> _ABOUT THIS TASK_:
Copy out every entry precisely.
=== EXTRACTED RECORDS ===
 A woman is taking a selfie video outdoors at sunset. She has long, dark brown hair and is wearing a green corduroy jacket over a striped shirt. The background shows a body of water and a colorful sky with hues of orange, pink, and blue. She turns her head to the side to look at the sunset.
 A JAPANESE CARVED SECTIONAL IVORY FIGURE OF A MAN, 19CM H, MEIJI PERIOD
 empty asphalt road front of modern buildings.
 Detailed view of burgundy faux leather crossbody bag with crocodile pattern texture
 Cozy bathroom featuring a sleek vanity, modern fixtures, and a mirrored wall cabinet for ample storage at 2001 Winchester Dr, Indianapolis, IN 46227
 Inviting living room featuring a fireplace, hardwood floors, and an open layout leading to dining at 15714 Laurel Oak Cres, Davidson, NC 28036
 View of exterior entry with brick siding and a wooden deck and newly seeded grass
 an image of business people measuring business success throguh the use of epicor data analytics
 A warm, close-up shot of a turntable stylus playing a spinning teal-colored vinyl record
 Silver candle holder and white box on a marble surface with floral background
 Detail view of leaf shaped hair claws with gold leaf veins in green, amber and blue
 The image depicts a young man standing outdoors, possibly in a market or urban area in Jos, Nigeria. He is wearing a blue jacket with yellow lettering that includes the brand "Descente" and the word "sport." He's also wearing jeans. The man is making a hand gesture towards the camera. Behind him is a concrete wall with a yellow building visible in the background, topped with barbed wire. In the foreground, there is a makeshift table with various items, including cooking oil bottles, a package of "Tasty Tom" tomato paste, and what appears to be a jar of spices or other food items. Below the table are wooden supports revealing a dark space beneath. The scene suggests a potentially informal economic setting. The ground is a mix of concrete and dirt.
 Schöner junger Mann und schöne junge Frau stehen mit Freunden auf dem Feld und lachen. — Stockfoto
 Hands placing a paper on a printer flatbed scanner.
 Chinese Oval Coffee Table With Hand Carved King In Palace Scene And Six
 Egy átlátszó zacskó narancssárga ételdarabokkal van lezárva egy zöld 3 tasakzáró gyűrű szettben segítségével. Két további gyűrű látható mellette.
===
> _SOLVED EXERCISE_:
 A woman is taking a selfie video outdoors at sunset. She has long, dark brown hair and is wearing a green corduroy jacket over a striped shirt. The background shows a body of water and a colorful sky with hues of orange, pink, and blue. She turns her head to the side to look at the sunset.
 A JAPANESE CARVED SECTIONAL IVORY FIGURE OF A MAN, 19CM H, MEIJI PERIOD
 empty asphalt road front of modern buildings.
 Detailed view of burgundy faux leather crossbody bag with crocodile pattern texture
 Cozy bathroom featuring a sleek vanity, modern fixtures, and a mirrored wall cabinet for ample storage at 2001 Winchester Dr, Indianapolis, IN 46227
 Inviting living room featuring a fireplace, hardwood floors, and an open layout leading to dining at 15714 Laurel Oak Cres, Davidson, NC 28036
 View of exterior entry with brick siding and a wooden deck and newly seeded grass
 an image of business people measuring business success throguh the use of epicor data analytics
 A warm, close-up shot of a turntable stylus playing a spinning teal-colored vinyl record
 Silver candle holder and white box on a marble surface with floral background
 Detail view of leaf shaped hair claws with gold leaf veins in green, amber and blue
 The image depicts a young man standing outdoors, possibly in a market or urban area in Jos, Nigeria. He is wearing a blue jacket with yellow lettering that includes the brand "Descente" and the word "sport." He's also wearing jeans. The man is making a hand gesture towards the camera. Behind him is a concrete wall with a yellow building visible in the background, topped with barbed wire. In the foreground, there is a makeshift table with various items, including cooking oil bottles, a package of "Tasty Tom" tomato paste, and what appears to be a jar of spices or other food items. Below the table are wooden supports revealing a dark space beneath. The scene suggests a potentially informal economic setting. The ground is a mix of concrete and dirt.
 Schöner junger Mann und schöne junge Frau stehen mit Freunden auf dem Feld und lachen. — Stockfoto
 Hands placing a paper on a printer flatbed scanner.
 Chinese Oval Coffee Table With Hand Carved King In Palace Scene And Six
 Egy átlátszó zacskó narancssárga ételdarabokkal van lezárva egy zöld 3 tasakzáró gyűrű szettben segítségével. Két további gyűrű látható mellette.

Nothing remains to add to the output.